Metadata-Version: 2.4
Name: softadapt
Version: 0.1.0rc0
Summary: SoftAdapt: Techniques for Adaptive Loss Weighting of Neural Networks with Multi-Part Loss Functions implemented in Keras
Project-URL: Homepage, https://github.com/logasja/SoftAdapt-Keras
Project-URL: Issues, https://github.com/logasja/SoftAdapt-Keras/issues
Author-email: "A. Ali Heydari" <aliheydari@ucdavis.edu>, Jacob Logas <jacob@logas.me>
Maintainer-email: Jacob Logas <jacob@logas.me>
License-Expression: GPL-3.0-or-later
License-File: LICENSE.md
Keywords: Adaptive-Weighting, Multi-Task-Nerual-Networks Optimization,Balancing PINNs Loss,Gradient-Descent-Weighting, Machine Learning,Physics-Informed Neural Networks
Classifier: Development Status :: 4 - Beta
Classifier: Intended Audience :: Science/Research
Classifier: Programming Language :: Python :: 3.10
Classifier: Programming Language :: Python :: 3.11
Classifier: Programming Language :: Python :: 3.12
Classifier: Programming Language :: Python :: 3.13
Classifier: Topic :: Scientific/Engineering :: Artificial Intelligence
Requires-Python: >=3.10
Requires-Dist: findiff
Requires-Dist: keras>=3.0.0
Requires-Dist: numpy
Description-Content-Type: text/markdown

[![Tests Status](./reports/junit/junit-badge.svg?dummy=8484744)](./reports/junit/report.html)

# SoftAdapt

This repository contains an updated implementation of the [SoftAdapt algorithm](https://arxiv.org/pdf/1912.12355.pdf)(techniques for adaptive loss balancing of multi-tasking neural networks).
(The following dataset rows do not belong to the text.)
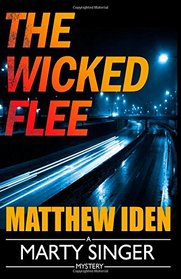 The Wicked Flee (Marty Singer Mystery #5)
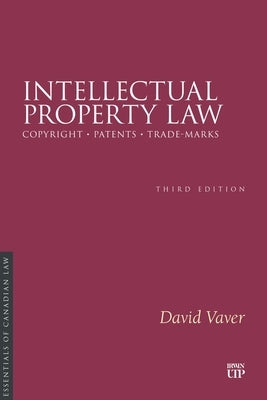 Intellectual Property Law, Third Edition by Vaver, David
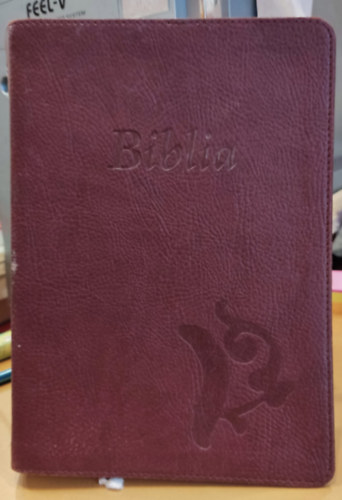 Biblia - Istennek az szvetsgben s jszvetsgben adott kijelentse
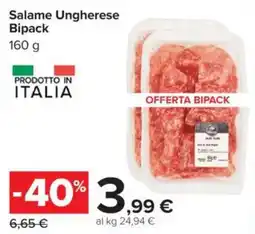 Carrefour Salame Ungherese Bipack offerta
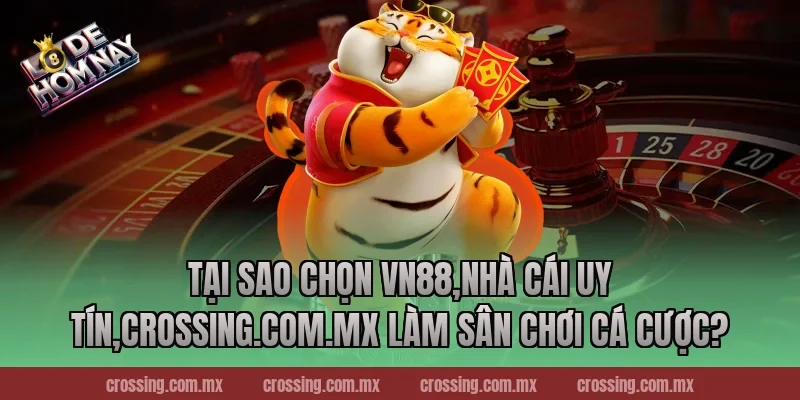 Tại sao chọn VN88,Nhà Cái Uy Tín,frectonz.io làm sân chơi cá cược?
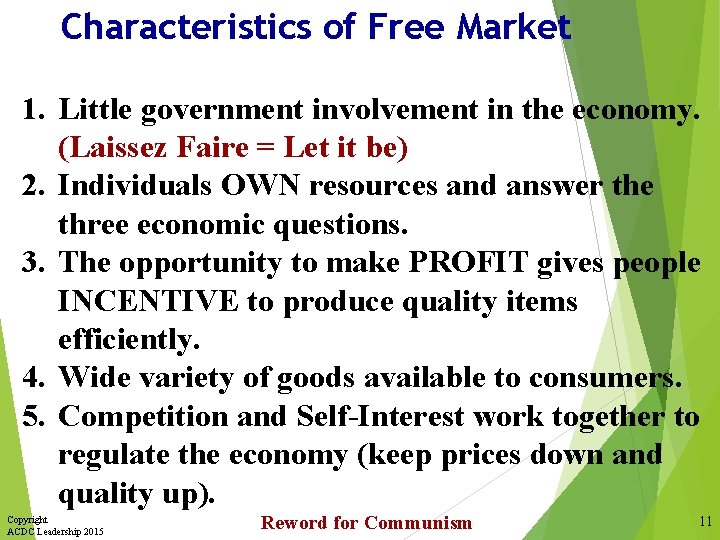 Characteristics of Free Market 1. Little government involvement in the economy. (Laissez Faire =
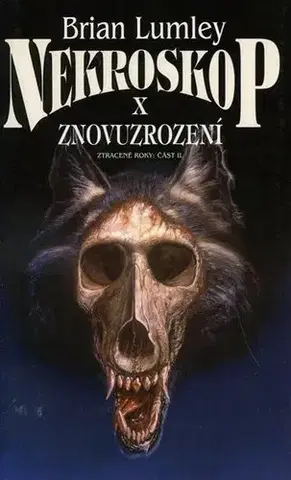 Sci-fi a fantasy Nekroskop X. - Znovuzrození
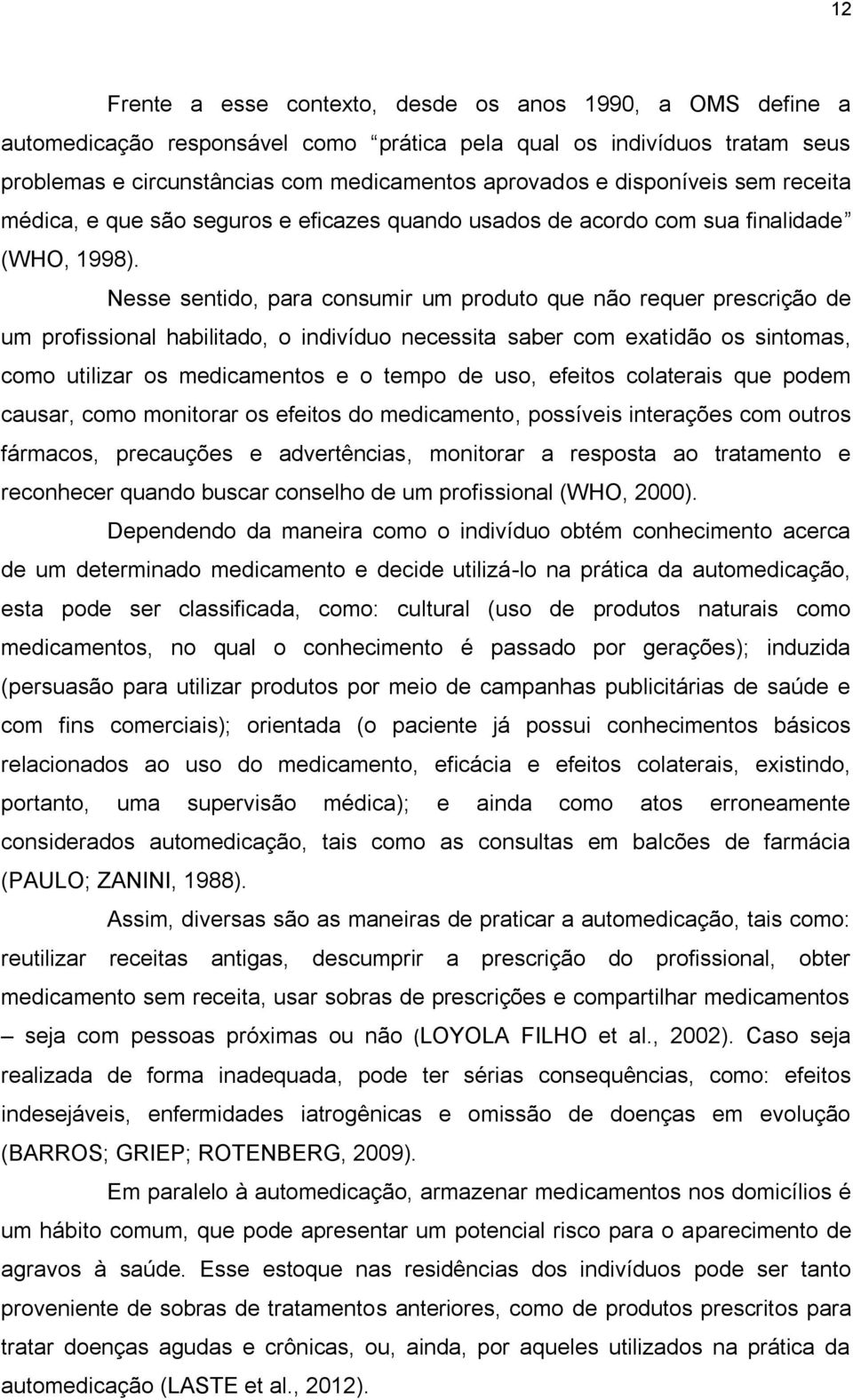 Nesse sentido, para consumir um produto que não requer prescrição de um profissional habilitado, o indivíduo necessita saber com exatidão os sintomas, como utilizar os medicamentos e o tempo de uso,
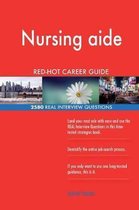 Nursing Aide Red-Hot Career Guide; 2580 Real Interview Questions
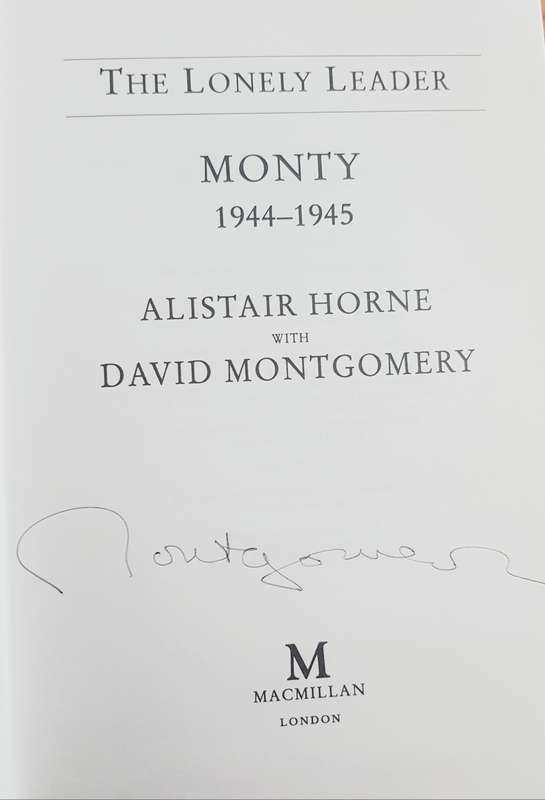 Field Marshall Montgomery Signed The Lonely Leader Monty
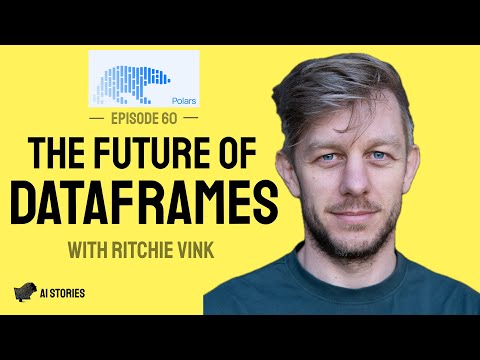 Polars: Fast & Efficient Data Manipulation with Ritchie Vink #60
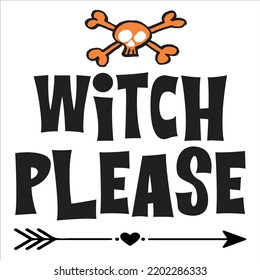 Witch Please, Happy Halloween Shirt Print Template, Witch Bat Cat Scary House Dark Green Riper Boo Squad Grave Pumpkin Skeleton Spooky Trick Or Treat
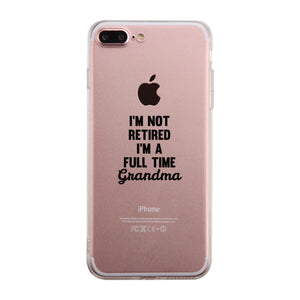 Full Time Grandma Clear Phone Case Funny Gift Ideas For Grandma - 365INLOVE
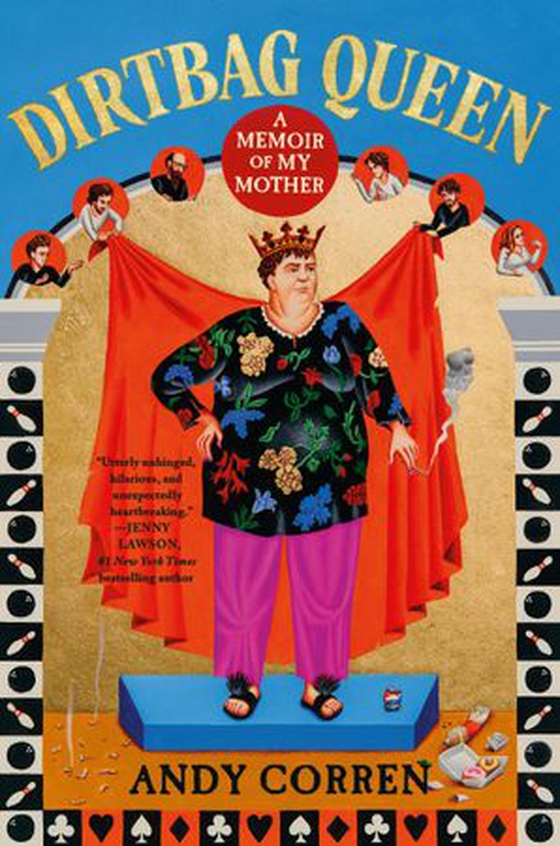 Dirtbag Queen (ebok) av Andy Corren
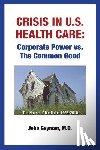 Geyman, John - Crisis In U.S. Health Care
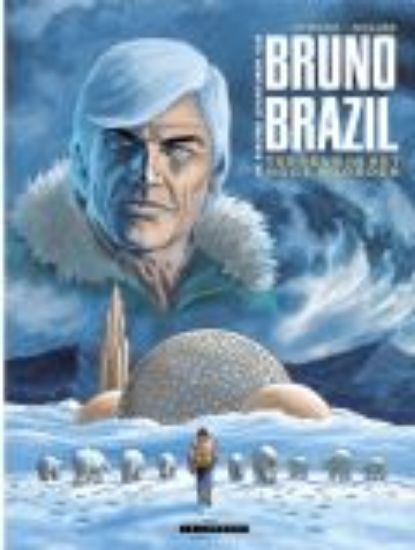 Afbeelding van Nieuwe avonturen van bruno brazil #3 - Terreur in het hoge noorden (LOMBARD, zachte kaft)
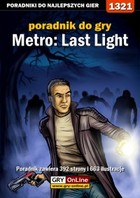 Metro: Last Light - poradnik do gry - epub, pdf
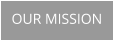 OUR MISSION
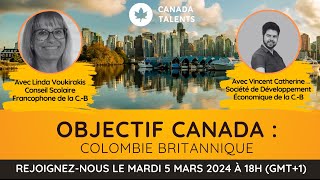 Objectif Canada  Colombie Britannique [upl. by Airahs]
Since 2020 (when SoftAdapt was first published), SoftAdapt has been applied to a variety of applications, ranging from generative models (e.g. these papers for [VAEs](https://arxiv.org/abs/2009.11693) and [GANs](https://www.sciencedirect.com/science/article/pii/S0167739X2100488X)), [model compression](https://arxiv.org/abs/2012.01604), and [Physics Informed Neural Networks](https://arxiv.org/pdf/2211.16753.pdf), to name a few.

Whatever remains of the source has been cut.